BRIEF: In the records below, find the line containing "Invitación Baptismo Christening" and print it and every line after it exactly, through the end. Skip pictures.

BEGIN

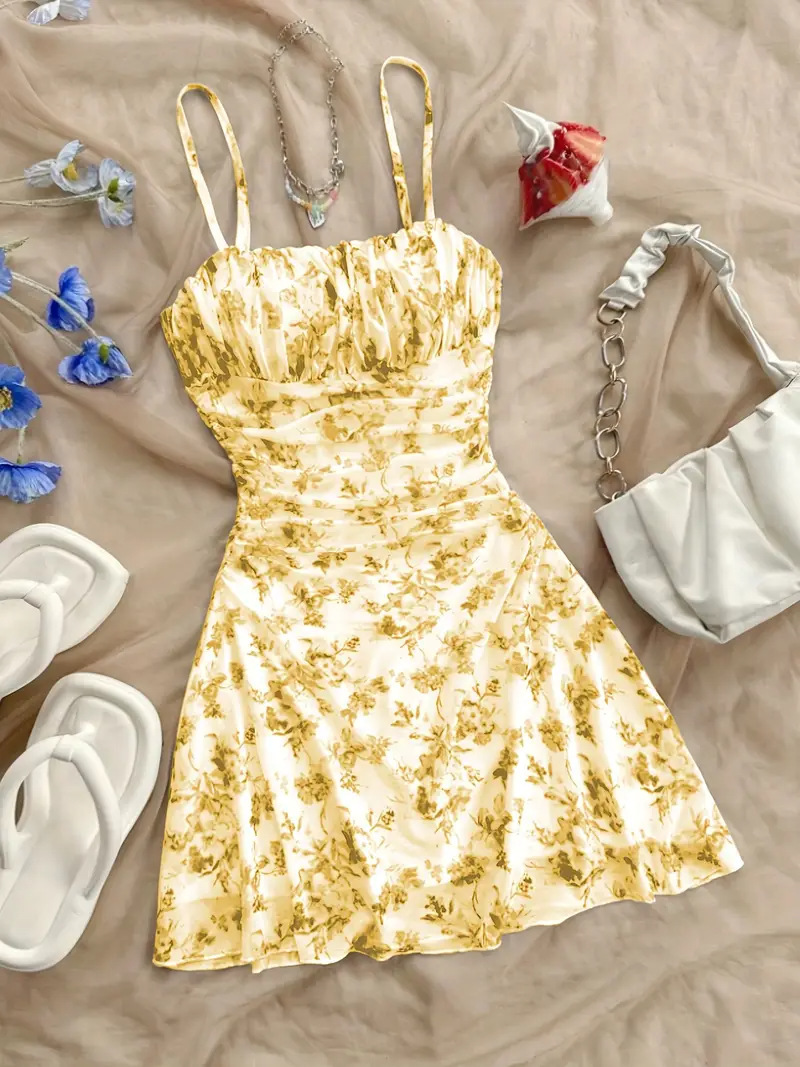 2026 French-Style Floral Spaghetti Strap Dress with Waist-Cinching V-Neck Design, Casual Beach Vacation Dress for Photoshoots at the Seaside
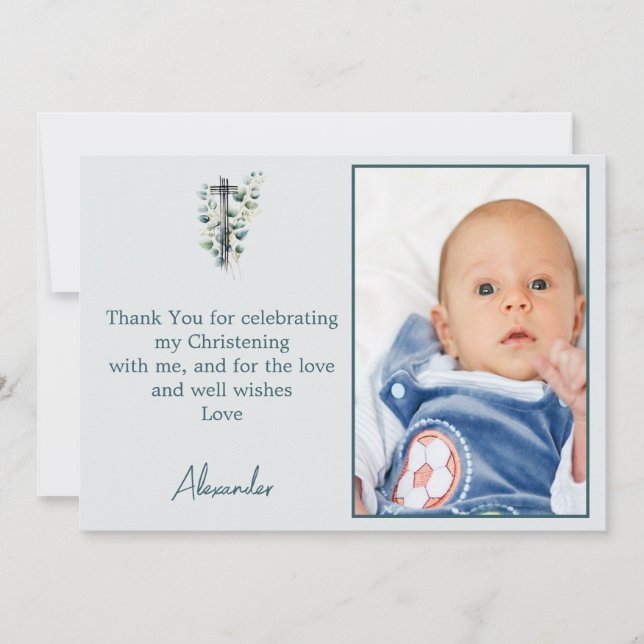 Invitación Baptismo Christening Moderno Boy Gracias Foto (Anverso)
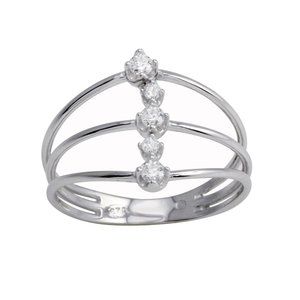 Sterling Silver 925 Rhodium Plated Line CZ Ring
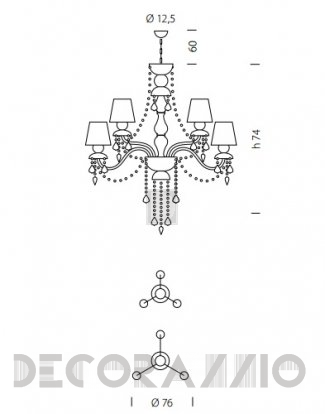 Светильник  потолочный подвесной (Люстра) Sylcom Scena - 670/3+3CR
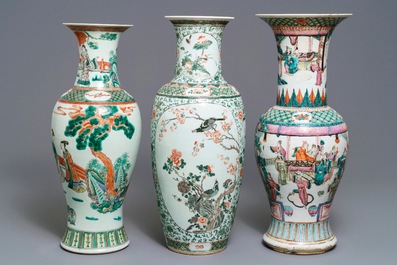 Three Chinese famille rose and verte vases, 19/20th C.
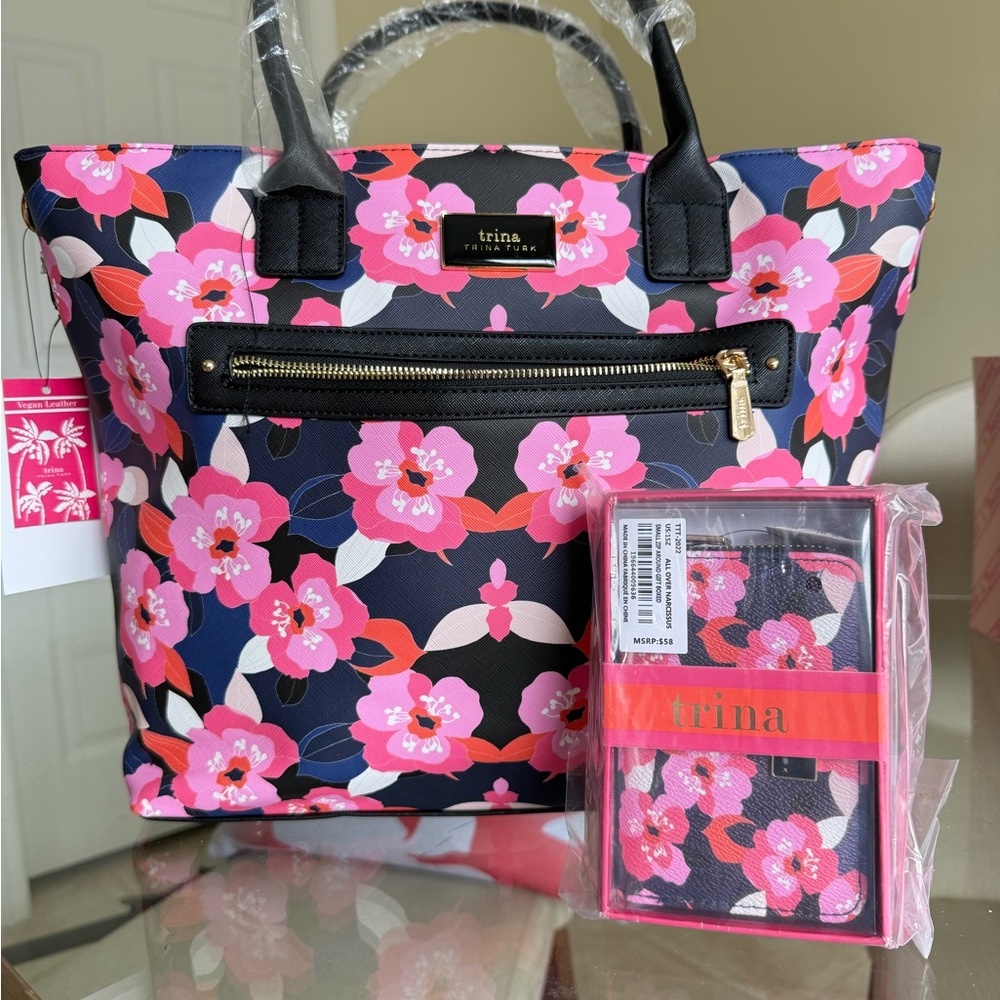 Trina Turk Floral Printed Large Pink Flower Colorful Tote & match wallet NWT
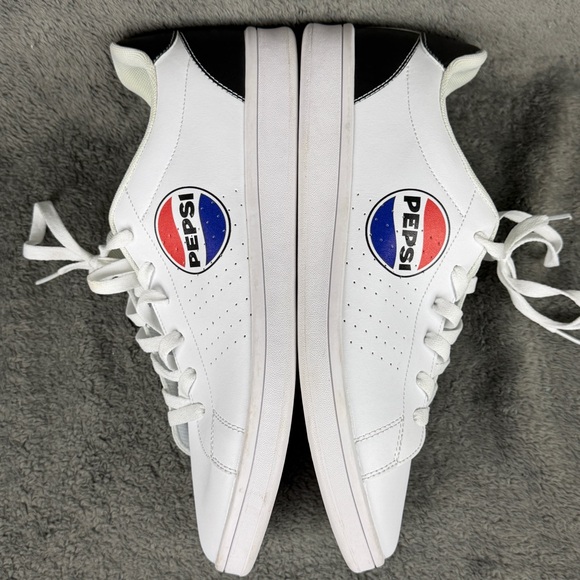 PEPSI Shoes Men’s 12 White Sneakers Lace Up Casual Athletic Retro Tennis Logo - Picture 9 of 12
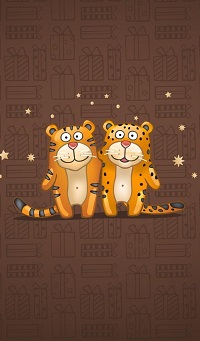 Аватар вконтакте Тигр и леопард друзья, летят золотые звездочки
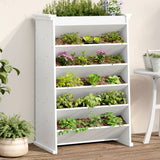 Herb Planter 6-Tier White 69x40x101.5 cm Solid Wood Pine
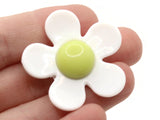 5 36mm Flower Beads White and Light Yellow Daisy Plant Beads Large Plastic Beads Acrylic Beads to String Jewelry Making Beading Supplies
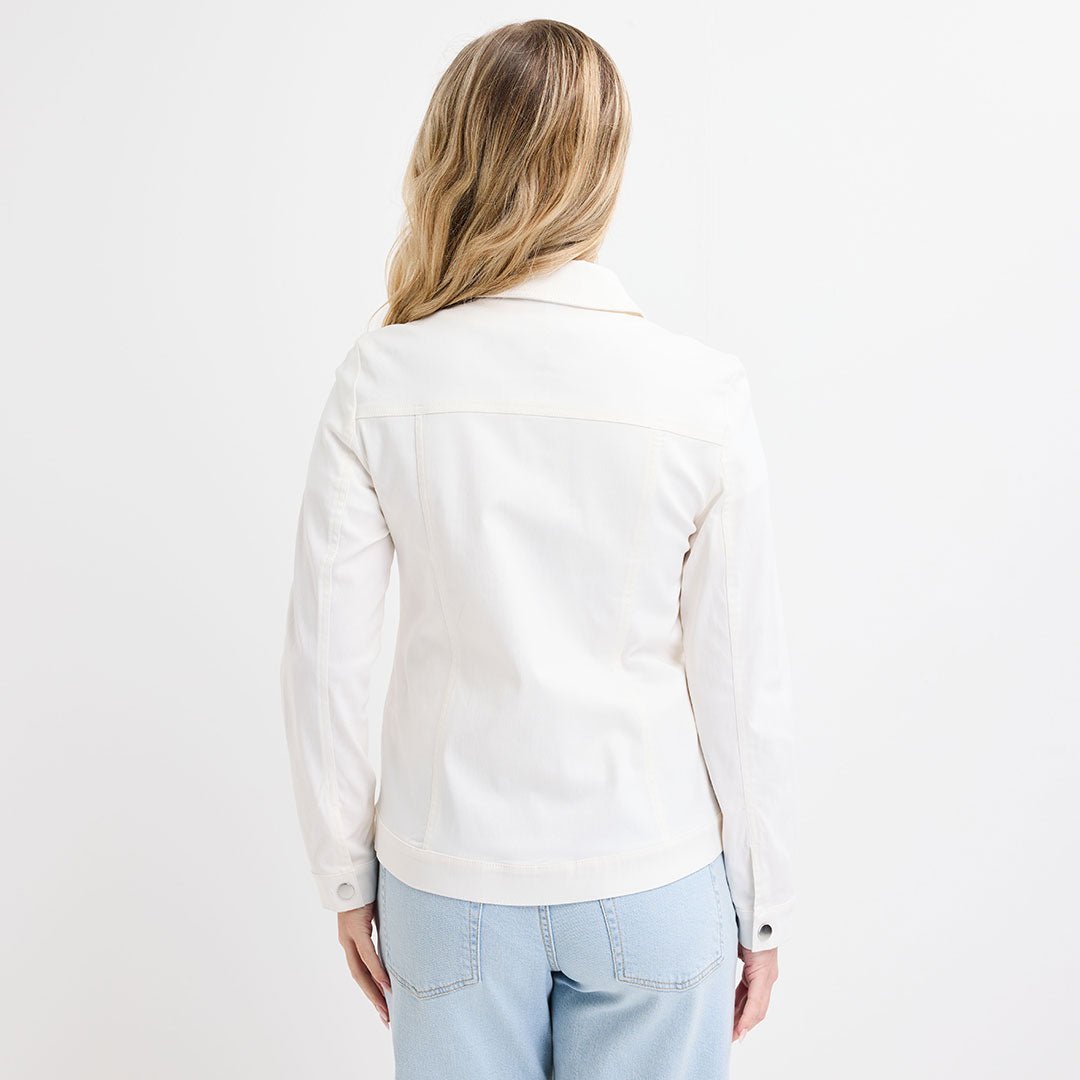 Ladies Ivory Stretch Denim Jacket from You Know Who's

END

YOUR SOLUTION:
 Invitación Baptismo Christening Moderno Boy Gracias Foto (Anverso)
 Sterling Silver 925 Rhodium Plated Line CZ Ring
 Светильник  потолочный подвесной (Люстра) Sylcom Scena - 670/3+3CR
 Three Chinese famille rose and verte vases, 19/20th C.
 Trina Turk Floral Printed Large Pink Flower Colorful Tote & match wallet NWT
 PEPSI Shoes Men’s 12 White Sneakers Lace Up Casual Athletic Retro Tennis Logo - Picture 9 of 12
 Аватар вконтакте Тигр и леопард друзья, летят золотые звездочки
 Herb Planter 6-Tier White 69x40x101.5 cm Solid Wood Pine
 5 36mm Flower Beads White and Light Yellow Daisy Plant Beads Large Plastic Beads Acrylic Beads to String Jewelry Making Beading Supplies
 Ladies Ivory Stretch Denim Jacket from You Know Who's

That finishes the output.